In February 2020, the foundation became the first to send captive bred cheetahs from the UK for rewilding in South Africa. Damian Aspinall personally released the two male cheetahs, who were born at Port Lympne, into their new home close to Cape Town.

==Controversies==
===Payment of £150,158 to wife of chairman, conflicts of interest===
Between 2019 and 2020, the foundation paid £150,158 to Victoria Aspinall, the wife of chairman Damian Aspinall, as fees for "interior design services". In 2020, the amount paid to Aspinall represented 10% of donations taken that year. The charity also paid £124,231 for accountancy work from a firm of which another trustee was a director. The charity owns a 30-room mansion in Kent; it was rented to chairman Damian Aspinall for £2,500 a month in 2019 and £10,000 per month in 2020.

In March 2021, the Charity Commission for England and Wales opened a statutory inquiry into the foundation over concerns about the charity's governance and financial management after reports of possible conflicts of interest and related-party transactions. In June 2022, as a result of financial irregularities discovered, Damian Aspinall was asked to stand down as chairman and trustee. Robin Birley and Ben Goldsmith resigned as trustees.

===Hiring of Carrie Johnson, lobbying activities===
In January 2021, the foundation hired Carrie Johnson, wife of Boris Johnson, as director of communication months after it asked Zac Goldsmith, Minister of State for Climate, Environment and Energy, for government support to buy a wildlife reserve in South Africa.

===Effectiveness of sending zoo-born animals into the wild===
Tara Stoinski of the Dian Fossey Gorilla Fund made this comment on the television program 60 Minutes (aired 15 March 2015): "I think that humans have a very romantic notion of what the wild is like, and the wild is not a place where it is safe, and animals get to roam free and make choices". She wonders about the value of sending zoo-born animals to Africa and believes that it would be wiser for Aspinall to use his funds to save gorillas already in the wild.

In 2021, the charity was criticized by the Ministry of Tourism and Wildlife of Kenya for not notifying it of plans to rehome a herd of 13 elephants in Kenya.

===Deaths of gorillas reintroduced into the wild===
Several of gorillas introduced into Africa died quickly, possibly due to having been primed to humans and being unable to care for themselves in the wild and attacks by other gorillas.
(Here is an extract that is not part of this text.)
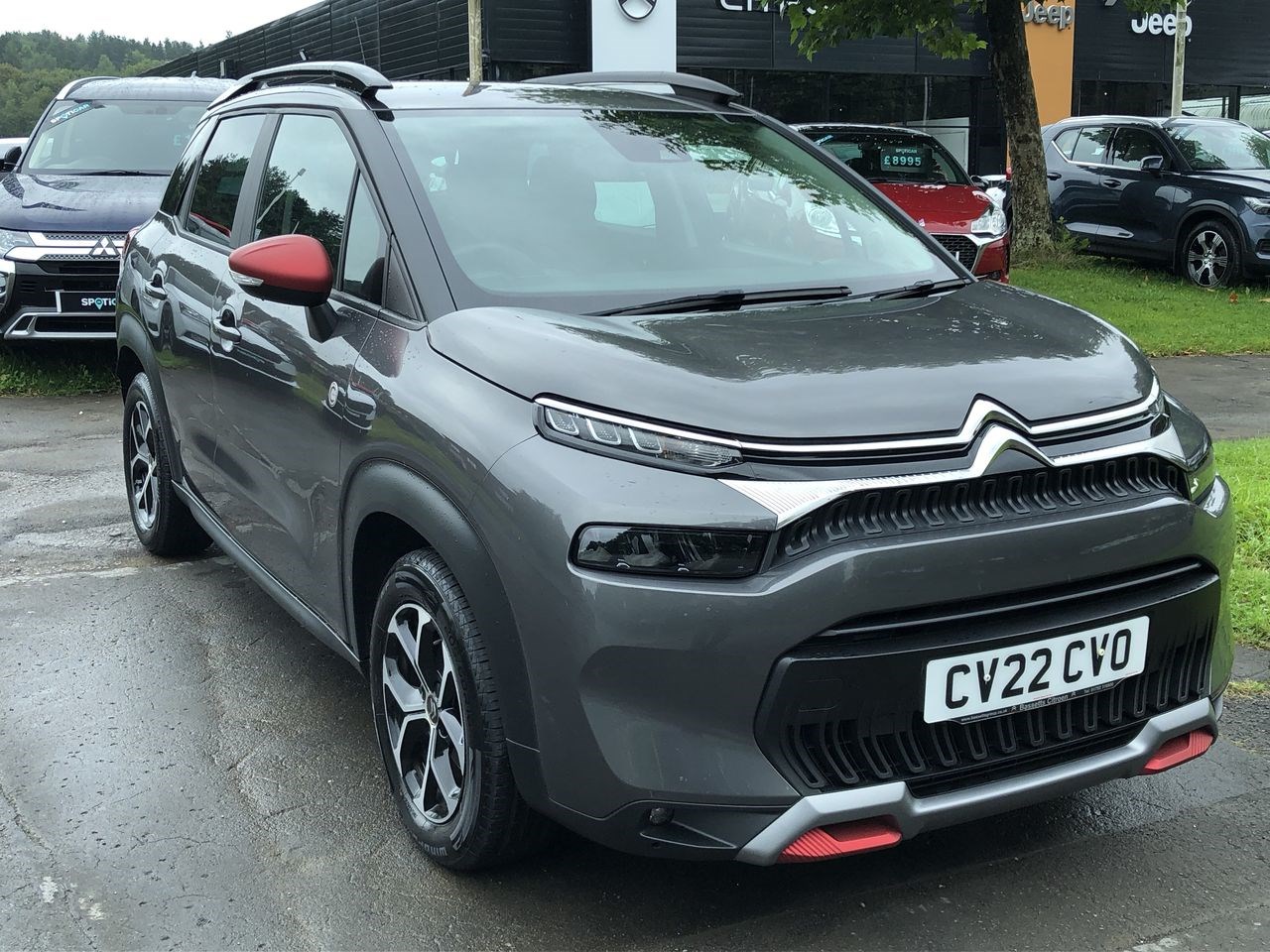 Citroen C3 Aircross Listing Image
One report in 2014 stated that a family of ten zoo-born silverback gorillas were sent to Gabon and at least five were killed, an outcome many had predicted.
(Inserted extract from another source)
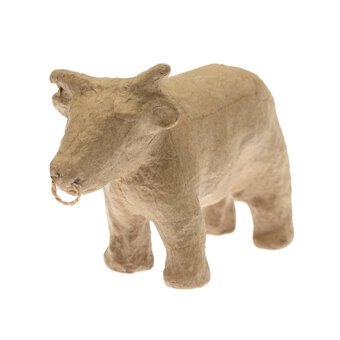 Decopatch Cow with Ring 12.5cm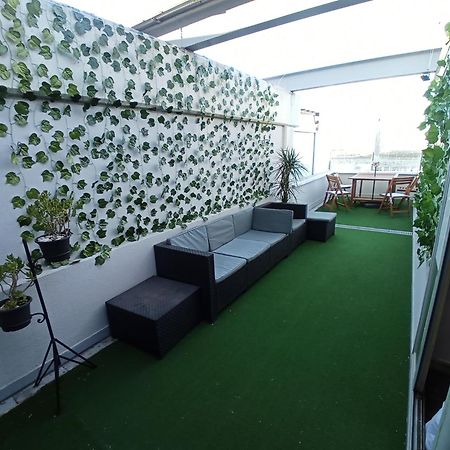 El Rincon De La Gavia Apartment Madrid Exterior photo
In a 2016 interview, chairman Damian Aspinall blamed one gorilla that the foundation had released for killing the five others in 2014. He also criticized the negative publicity about the event stating, "What about the 60 we released that survived? There's no glory if you get it right. We get no press, no publicity – but boy, if anything goes wrong, they jump on you."

===Stress to animals from hazardous journeys===
In February 2022, the foundation announced that 13 elephants, born in captivity, would be returned to Kenya and released into the wild. Some experts questioned the wisdom of this strategy, citing issues such as the stress caused by "a hazardous journey", low temperatures at night in Africa, as well as "unfamiliar surroundings, foraging for food, predators and illness". Some concern was also expressed about water quality and the risk of conflict with the human population. The Foundation replied that it "has a 30-year history of successful rewilding projects around the globe".